We have a conservative problem in the arts. In the Bay Area, per the research I did for the Arts Diversity Index, 15.5% of the total population identified as Republican and only 2.2% of audiences did. Daniel Jones has written quite eloquently on Howlround about the lack of conservative voices in theatre. And before simply writing conservatives off (either political conservatives or something folks who are more conservative in the general sense), we need to understand that both from a service perspective (the desire to serve all) and from the pragmatic perspective of someone who would love a little less political will to be directed against publicly-funded art in America, this population that is not being respected represents a huge chunk of the total people in this country.
Being a censor, like being a bully or being a racist or being a bigot, is a charge that comes with a huge stigma. It implies malice, intention, and a strong desire to oppress. I have to believe that there is a gradation between that level of intention and one that says instead, “Did we think about what this community wants from its art? If we go outside of that context, did we provide a bridge for them to follow? Did we do our due diligence to help a community with certain values to see our point of view, or did we simply get frustrated when our art wasn’t welcomed?”
What if it hadn’t been Rent? What if instead it had been a religious play, or a play about gays burning in Hell, or a play celebrating the Nazis or the KKK or whatever group doesn’t represent a hyper-liberal world view? I mean, for all of its incredible messages and its uplifting structure, Rent is a play about sex, drugs, poverty and death. I’ll tell you, rightly or wrongly, that those were four things that went on the zip-the-lips list in the years I lived in Connecticut.
How can we say that we’re interested in creating a culture where art is celebrated for what it can be at its best—something that both reflects and stretches a society forward—if we don’t allow that sometimes a piece of art might just not fit into the values, mores, and beliefs of a particular group of people? What is the point at which it is better to not be invited to the party than to tone down the colors? What are the consequences of that?
Howard Sherman says
Clay: I think this is a terrific, thoughtful post and every point you raise is worthy of deep consideration. I will say that as someone who has been in communication with many people in Trumbull as the RENT situation played out over the past week and a half, I am somewhat less sanguine about the principal’s statement, but at this point will have to watch and see what happens over the next year. In my prior writing about situations like these (they are all too common), I have always avoided the term censorship, since schools do indeed have the right and responsibility to consider what is read, heard and presented under their auspices. Where I take exception is that these theatre incidents always seem to crop up once the process of putting on the show is underway; in this case just a couple of weeks away from auditions, with faculty pre-production complete. In too many cases, high school theatre is ignored by the administration until there’s potentially “problematic” material, at which point the supervision can become onerous going forward. In Trumbull, it’s worth noting there was a vocal community response in support of the production, and limited opposition; it was the administration that was against the show, apparently not the community itself. As always, labels of liberal and conservative are far too limiting, since one’s opinions are rarely a binary choice for every possible topic. This case is (or should be) about art and education, not politics and the language of oppositional forces. Oh, and I grew up about 15 miles from Trumbull too, just over the county line in Orange CT. Again, I applaud the context brought to the discussion.
John says
Thank you for your thoughtful blog on this matter. Your insights on the Mormons and art are especially appreciated.
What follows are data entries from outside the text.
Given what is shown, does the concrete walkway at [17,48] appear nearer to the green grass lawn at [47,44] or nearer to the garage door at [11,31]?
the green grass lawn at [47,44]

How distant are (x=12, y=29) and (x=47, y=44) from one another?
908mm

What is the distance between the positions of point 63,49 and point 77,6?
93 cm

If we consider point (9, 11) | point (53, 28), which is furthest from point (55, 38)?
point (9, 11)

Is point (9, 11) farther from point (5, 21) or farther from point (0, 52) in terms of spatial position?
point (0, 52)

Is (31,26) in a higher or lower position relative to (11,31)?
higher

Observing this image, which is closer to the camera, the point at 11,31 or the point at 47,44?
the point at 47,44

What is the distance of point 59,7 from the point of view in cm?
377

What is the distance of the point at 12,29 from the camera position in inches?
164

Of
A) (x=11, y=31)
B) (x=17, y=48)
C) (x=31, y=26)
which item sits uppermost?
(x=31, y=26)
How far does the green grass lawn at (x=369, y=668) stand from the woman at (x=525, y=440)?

In his letter, Principal Guarino does not specify his objections to Rent or why it is unsuitable for young people. Instead, he says it “presents challenges – both in context and execution.” He does not describe or even name what these “challenges” are, which is why observers have filled in the blanks with conjecture.
Your belief that Rent is “about” sex, drugs, poverty and death is your opinion, but it’s not the principal’s. In his letter, he said “Rent is an important piece of American musical theatre. It presents educational opportunities for our students, staff, and community members to explore themes like acceptance, love, and responsibility.”
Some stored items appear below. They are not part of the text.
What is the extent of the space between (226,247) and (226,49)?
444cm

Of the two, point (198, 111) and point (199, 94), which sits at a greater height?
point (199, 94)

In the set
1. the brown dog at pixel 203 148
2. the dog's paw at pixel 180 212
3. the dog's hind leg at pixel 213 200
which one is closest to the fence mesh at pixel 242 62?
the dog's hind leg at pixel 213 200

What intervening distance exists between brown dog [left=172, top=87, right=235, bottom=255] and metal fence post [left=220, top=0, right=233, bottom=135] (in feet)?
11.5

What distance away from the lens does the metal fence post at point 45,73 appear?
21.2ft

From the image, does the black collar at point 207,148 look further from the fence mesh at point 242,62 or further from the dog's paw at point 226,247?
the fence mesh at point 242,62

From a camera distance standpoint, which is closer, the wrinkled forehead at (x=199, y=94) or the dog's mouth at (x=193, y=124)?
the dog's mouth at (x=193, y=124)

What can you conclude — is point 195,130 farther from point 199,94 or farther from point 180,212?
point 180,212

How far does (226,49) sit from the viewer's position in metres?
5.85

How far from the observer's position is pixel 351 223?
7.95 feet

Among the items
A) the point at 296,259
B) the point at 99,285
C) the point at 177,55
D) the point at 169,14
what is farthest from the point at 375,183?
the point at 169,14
Those three themes are nevertheless outweighed by “challenges,” and the fact that the director didn’t talk to the principal. There is no way to know what this means. The fact that Rent won a Pulitzer Prize, was a long-running Broadway hit and has been performed by other high schools were not factored in. Nor was the fact that 2/3 of the students at Trumbull High School said they supported the show.
This was all too much to work out by Spring.
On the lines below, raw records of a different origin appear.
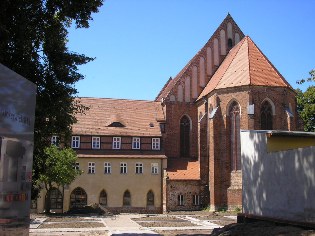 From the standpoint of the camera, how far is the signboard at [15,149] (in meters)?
4.45

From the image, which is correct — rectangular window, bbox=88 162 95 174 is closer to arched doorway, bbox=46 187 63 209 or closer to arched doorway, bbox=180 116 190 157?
arched doorway, bbox=46 187 63 209

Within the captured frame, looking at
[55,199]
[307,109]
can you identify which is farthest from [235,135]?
[55,199]

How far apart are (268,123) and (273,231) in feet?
73.6

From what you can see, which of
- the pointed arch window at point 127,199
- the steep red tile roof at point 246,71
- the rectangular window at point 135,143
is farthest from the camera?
the rectangular window at point 135,143

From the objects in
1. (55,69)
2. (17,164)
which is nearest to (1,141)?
(17,164)

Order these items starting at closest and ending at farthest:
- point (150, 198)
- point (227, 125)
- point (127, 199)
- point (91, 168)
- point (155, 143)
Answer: point (227, 125) → point (127, 199) → point (150, 198) → point (91, 168) → point (155, 143)

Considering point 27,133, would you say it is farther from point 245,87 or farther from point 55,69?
point 245,87

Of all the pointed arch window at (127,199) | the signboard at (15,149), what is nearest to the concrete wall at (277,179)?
the signboard at (15,149)

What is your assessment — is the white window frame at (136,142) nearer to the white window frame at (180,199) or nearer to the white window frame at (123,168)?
the white window frame at (123,168)

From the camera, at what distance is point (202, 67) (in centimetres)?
3888

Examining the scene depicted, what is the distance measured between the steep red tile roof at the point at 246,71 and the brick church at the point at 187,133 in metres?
0.10

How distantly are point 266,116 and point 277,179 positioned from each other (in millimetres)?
18420

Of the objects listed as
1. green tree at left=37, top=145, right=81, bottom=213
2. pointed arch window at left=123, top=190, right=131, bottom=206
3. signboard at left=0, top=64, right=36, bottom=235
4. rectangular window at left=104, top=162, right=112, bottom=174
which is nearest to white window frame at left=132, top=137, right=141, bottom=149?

He says, “I truly believe that successful and supportive schools are those that nurture strong relationships between the school and its community.”
Yet he did not nurture a relationship by appearing in person at the school board meeting to discuss his decision to cancel. Instead, he sent the letter, a poor example of the “open communication” he claims to want.
He says he is “committed,” not to a future production of Rent, but to “developing a plan” for one. No timetable is given, what the plan would need or who would create it. More as this “develops.”
While he hides behind vague language and surrepetitious actions, the students have behaved far more impressively. They have not engaged in strident rhetoric; they have held no protests or sit-ins, or put up banners and carried signs. They asked for a meeting with their principal (and to his credit, he gave them one).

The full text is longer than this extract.